• ABOUT THIS TASK
Reproduce without any pictures the lines from the one that contains "In-ground swimming pool" through the end of the records, exactly as written.

▼

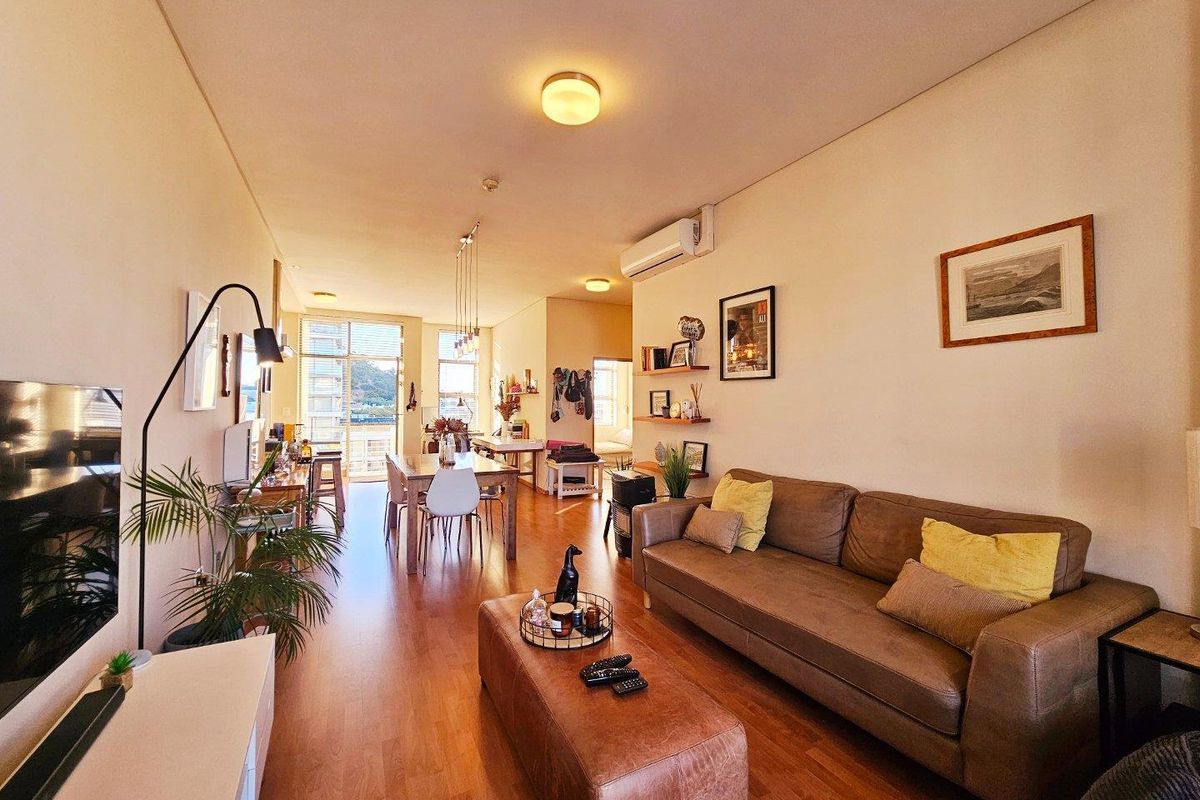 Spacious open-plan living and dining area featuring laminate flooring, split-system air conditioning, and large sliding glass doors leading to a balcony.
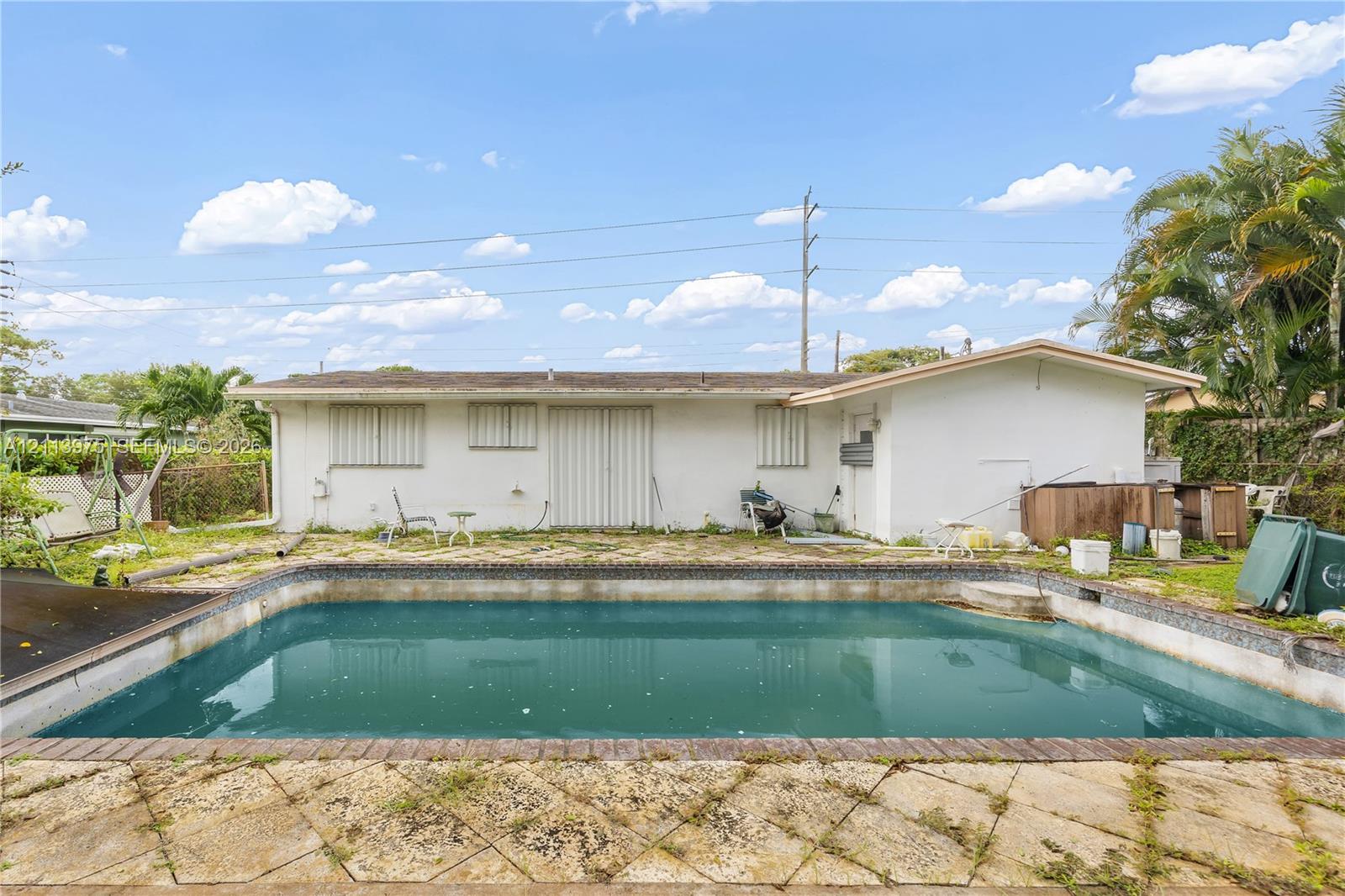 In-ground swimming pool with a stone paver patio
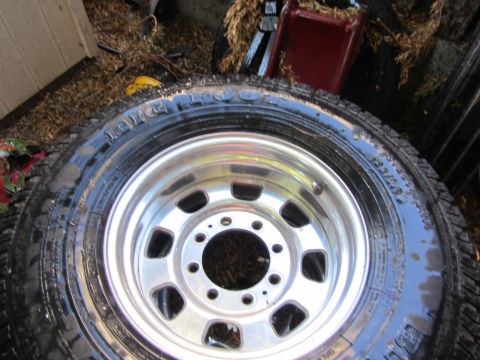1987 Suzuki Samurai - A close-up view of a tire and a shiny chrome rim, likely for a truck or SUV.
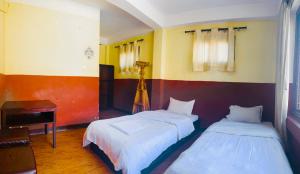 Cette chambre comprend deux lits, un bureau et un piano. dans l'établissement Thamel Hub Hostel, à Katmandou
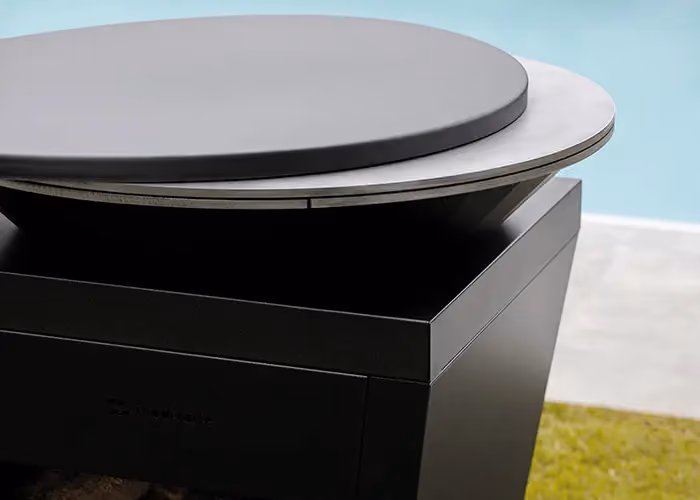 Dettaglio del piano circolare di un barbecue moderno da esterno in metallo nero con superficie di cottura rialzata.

▲

• ANSWER BOX
 In-ground swimming pool with a stone paver patio
1987 Suzuki Samurai - A close-up view of a tire and a shiny chrome rim, likely for a truck or SUV.
 Cette chambre comprend deux lits, un bureau et un piano. dans l'établissement Thamel Hub Hostel, à Katmandou
 Dettaglio del piano circolare di un barbecue moderno da esterno in metallo nero con superficie di cottura rialzata.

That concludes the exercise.